> Exercise requirements
Every line below between the line holding "Projection Light 5V" and the line holding "Advice For 20 Year Olds", inclusive, should be repeated exactly, and all other lines omitted.

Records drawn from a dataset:
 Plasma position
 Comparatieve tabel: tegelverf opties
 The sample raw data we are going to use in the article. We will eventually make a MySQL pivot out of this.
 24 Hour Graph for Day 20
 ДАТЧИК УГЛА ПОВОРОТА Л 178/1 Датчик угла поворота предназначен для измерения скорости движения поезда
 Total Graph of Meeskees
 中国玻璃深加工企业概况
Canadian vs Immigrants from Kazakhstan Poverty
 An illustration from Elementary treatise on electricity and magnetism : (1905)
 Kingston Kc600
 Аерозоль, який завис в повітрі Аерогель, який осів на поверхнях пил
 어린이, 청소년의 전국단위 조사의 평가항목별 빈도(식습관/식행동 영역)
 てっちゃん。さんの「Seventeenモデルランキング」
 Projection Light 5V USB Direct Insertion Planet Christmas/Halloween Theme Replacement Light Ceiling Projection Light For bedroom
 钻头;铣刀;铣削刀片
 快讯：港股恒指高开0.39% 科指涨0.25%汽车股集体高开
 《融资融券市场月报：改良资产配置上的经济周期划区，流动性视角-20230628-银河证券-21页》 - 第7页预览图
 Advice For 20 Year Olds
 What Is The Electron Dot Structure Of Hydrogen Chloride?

> Exercise result
 Projection Light 5V USB Direct Insertion Planet Christmas/Halloween Theme Replacement Light Ceiling Projection Light For bedroom
 钻头;铣刀;铣削刀片
 快讯：港股恒指高开0.39% 科指涨0.25%汽车股集体高开
 《融资融券市场月报：改良资产配置上的经济周期划区，流动性视角-20230628-银河证券-21页》 - 第7页预览图
 Advice For 20 Year Olds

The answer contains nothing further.